=== The task ===
Restate the data that follows exactly as it stands, beginning with the first line and ending with the line that contains "Na zdjęciu widać".

Material supplied Block Start

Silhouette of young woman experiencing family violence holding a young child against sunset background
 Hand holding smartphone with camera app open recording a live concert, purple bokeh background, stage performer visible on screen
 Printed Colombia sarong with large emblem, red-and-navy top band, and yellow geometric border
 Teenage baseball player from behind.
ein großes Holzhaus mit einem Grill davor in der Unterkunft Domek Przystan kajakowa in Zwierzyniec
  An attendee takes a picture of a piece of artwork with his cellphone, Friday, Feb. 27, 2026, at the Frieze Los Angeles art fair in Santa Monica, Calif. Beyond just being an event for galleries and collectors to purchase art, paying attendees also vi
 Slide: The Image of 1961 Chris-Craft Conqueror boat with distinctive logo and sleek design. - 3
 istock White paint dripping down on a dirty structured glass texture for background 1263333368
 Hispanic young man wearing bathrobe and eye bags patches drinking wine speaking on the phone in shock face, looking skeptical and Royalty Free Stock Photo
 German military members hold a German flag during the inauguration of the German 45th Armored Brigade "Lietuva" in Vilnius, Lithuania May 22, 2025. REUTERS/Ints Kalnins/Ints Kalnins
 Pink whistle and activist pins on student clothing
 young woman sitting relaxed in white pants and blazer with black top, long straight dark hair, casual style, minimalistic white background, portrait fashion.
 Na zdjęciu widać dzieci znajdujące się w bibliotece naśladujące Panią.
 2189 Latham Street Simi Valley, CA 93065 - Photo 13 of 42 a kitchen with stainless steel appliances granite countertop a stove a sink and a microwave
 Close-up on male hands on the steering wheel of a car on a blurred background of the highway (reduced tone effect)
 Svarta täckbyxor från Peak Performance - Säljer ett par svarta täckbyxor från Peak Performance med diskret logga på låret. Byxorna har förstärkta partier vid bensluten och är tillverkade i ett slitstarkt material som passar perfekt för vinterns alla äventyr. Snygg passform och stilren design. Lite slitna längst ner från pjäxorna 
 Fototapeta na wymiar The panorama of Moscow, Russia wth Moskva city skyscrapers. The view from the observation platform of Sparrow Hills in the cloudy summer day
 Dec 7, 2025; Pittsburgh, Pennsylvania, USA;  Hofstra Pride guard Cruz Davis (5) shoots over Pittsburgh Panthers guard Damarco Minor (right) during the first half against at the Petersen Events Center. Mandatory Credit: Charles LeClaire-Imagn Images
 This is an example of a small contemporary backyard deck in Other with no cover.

Material supplied Block End

=== Exercise result ===
Silhouette of young woman experiencing family violence holding a young child against sunset background
 Hand holding smartphone with camera app open recording a live concert, purple bokeh background, stage performer visible on screen
 Printed Colombia sarong with large emblem, red-and-navy top band, and yellow geometric border
 Teenage baseball player from behind.
ein großes Holzhaus mit einem Grill davor in der Unterkunft Domek Przystan kajakowa in Zwierzyniec
  An attendee takes a picture of a piece of artwork with his cellphone, Friday, Feb. 27, 2026, at the Frieze Los Angeles art fair in Santa Monica, Calif. Beyond just being an event for galleries and collectors to purchase art, paying attendees also vi
 Slide: The Image of 1961 Chris-Craft Conqueror boat with distinctive logo and sleek design. - 3
 istock White paint dripping down on a dirty structured glass texture for background 1263333368
 Hispanic young man wearing bathrobe and eye bags patches drinking wine speaking on the phone in shock face, looking skeptical and Royalty Free Stock Photo
 German military members hold a German flag during the inauguration of the German 45th Armored Brigade "Lietuva" in Vilnius, Lithuania May 22, 2025. REUTERS/Ints Kalnins/Ints Kalnins
 Pink whistle and activist pins on student clothing
 young woman sitting relaxed in white pants and blazer with black top, long straight dark hair, casual style, minimalistic white background, portrait fashion.
 Na zdjęciu widać dzieci znajdujące się w bibliotece naśladujące Panią.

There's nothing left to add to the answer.